NUMBA_DUMP_BYTECODE¶: If set to non-zero, print out the Python bytecode of compiled functions.

NUMBA_DUMP_CFG¶: If set to non-zero, print out information about the Control Flow Graph of compiled functions.

NUMBA_DUMP_IR¶: If set to non-zero, print out the Numba Intermediate Representation of compiled functions.

NUMBA_DUMP_SSA¶: If set to non-zero, print out the Numba Intermediate Representation of compiled functions after conversion to Static Single Assignment (SSA) form.

NUMBA_DEBUG_PRINT_AFTER¶

Dump the Numba IR after declared pass(es). This is useful for debugging IR changes made by given passes. Accepted values are:

Any pass name (as given by the .name() method on the class)
Multiple pass names as a comma separated list, i.e. "foo_pass,bar_pass"
The token "all", which will print after all passes.

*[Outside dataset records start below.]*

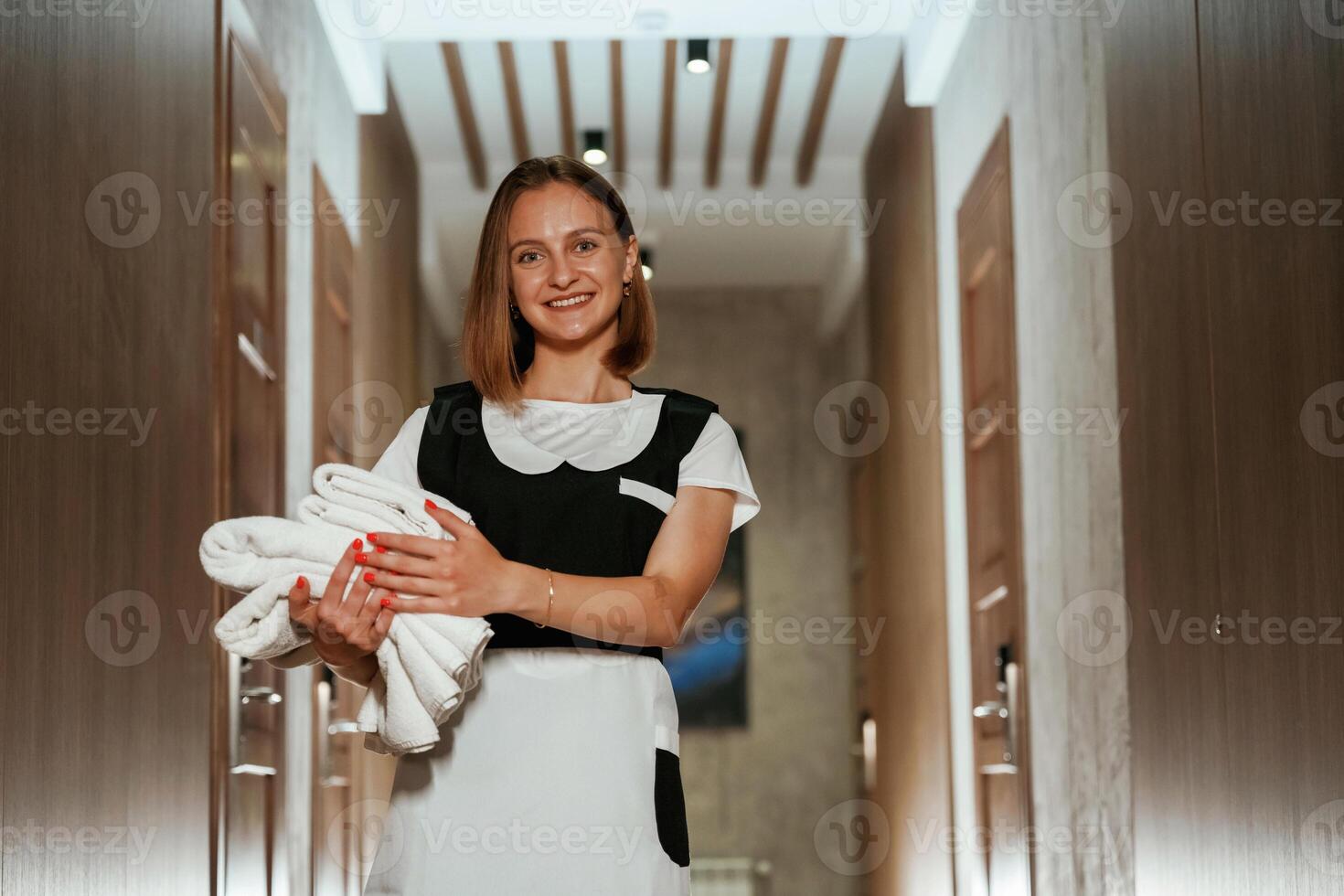 Between, the rooms. Chambermaid is standing in the hotel corridor photo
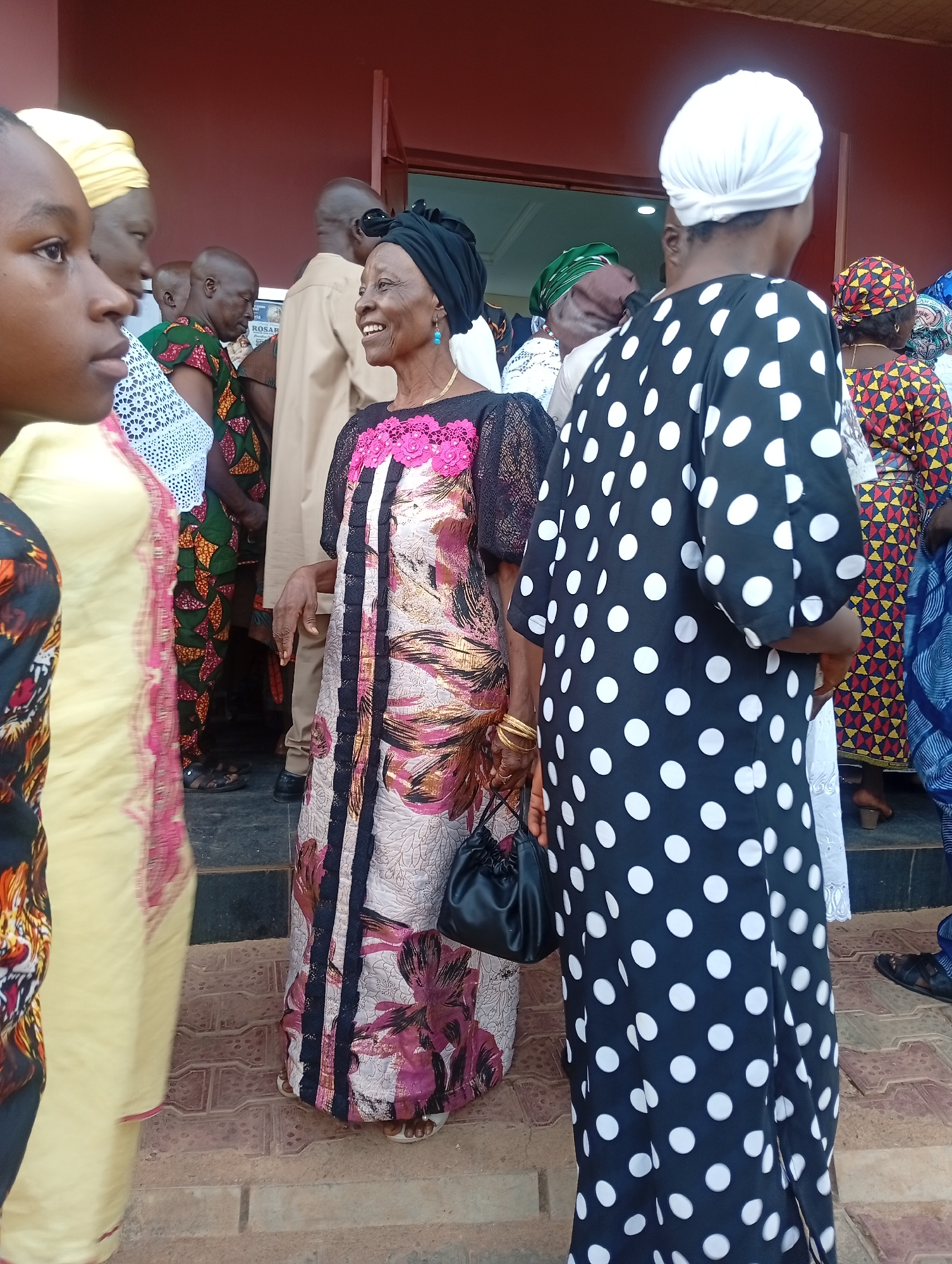 A group of people stand near an entrance, likely in Narayi, Nigeria. A woman in the center smiles, wearing a patterned dress, black headwrap, gold bracelets, and carrying a black purse. To her right, a woman wears a black and white polka-dot dress and a white headwrap. Others in the group wear various patterned clothes. The setting appears to be a building with a red exterior.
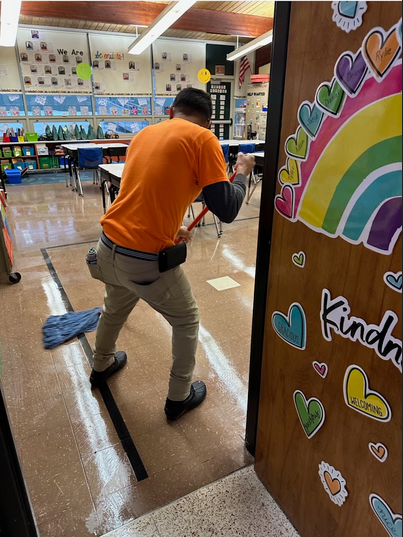 A man is mopping the floor of a classroom with a mop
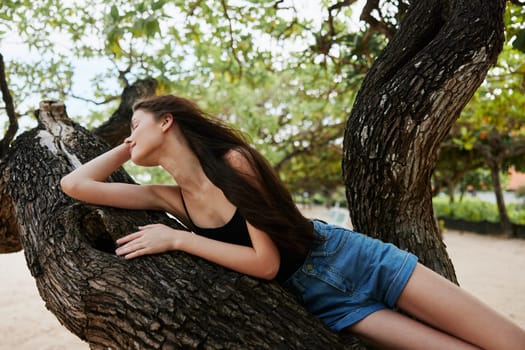 woman silhouette playing lifestyle sunny vacation model smiling nature sitting sea alone looking female horizon beauty fitness relax sky tree outdoors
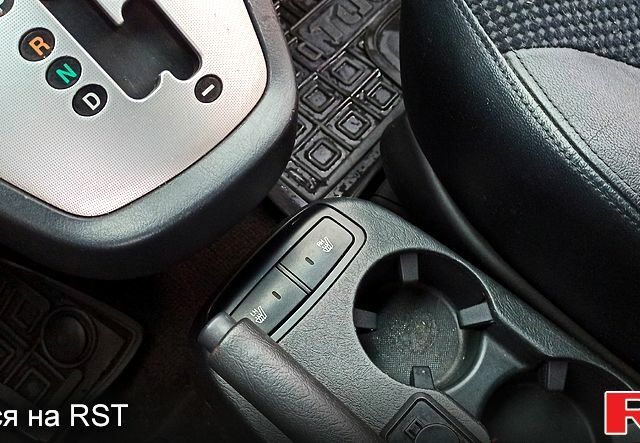 Чорний Хендай Туксон, об'ємом двигуна 2 л та пробігом 188 тис. км за 8800 $, фото 11 на Automoto.ua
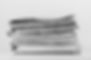 a large stack of newspapers on the table is a black and white photo.jpg
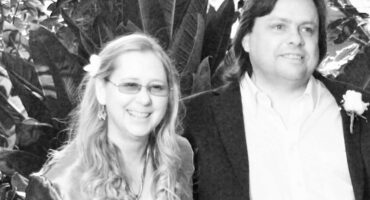 A smiling couple standing together in front of leafy plants, dressed smartly for a celebration.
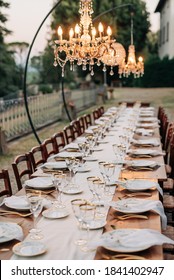 Beautiful Wedding Decor For Dinner With Candles And Chandeliers On A Villa In Tuscany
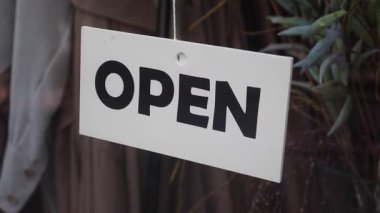 Bir mağaza, müşterileri içeri girip göz atmaya davet eden bir açık tabela gösterir.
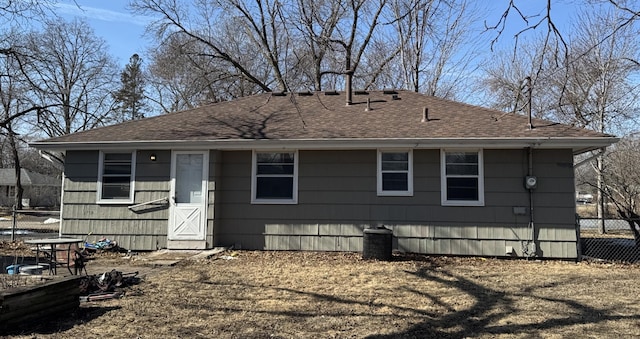 exterior space with a shingled roof and fence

The default value is "none" so as to prevent output.

NUMBA_DUMP_ANNOTATION¶: If set to non-zero, print out types annotations for compiled functions.

NUMBA_DUMP_LLVM¶: Dump the unoptimized LLVM assembly source of compiled functions. Unoptimized code is usually very verbose; therefore, NUMBA_DUMP_OPTIMIZED is recommended instead.

NUMBA_DUMP_FUNC_OPT¶: Dump the LLVM assembly source after the LLVM “function optimization” pass, but before the “module optimization” pass. This is useful mostly when developing Numba itself, otherwise use NUMBA_DUMP_OPTIMIZED.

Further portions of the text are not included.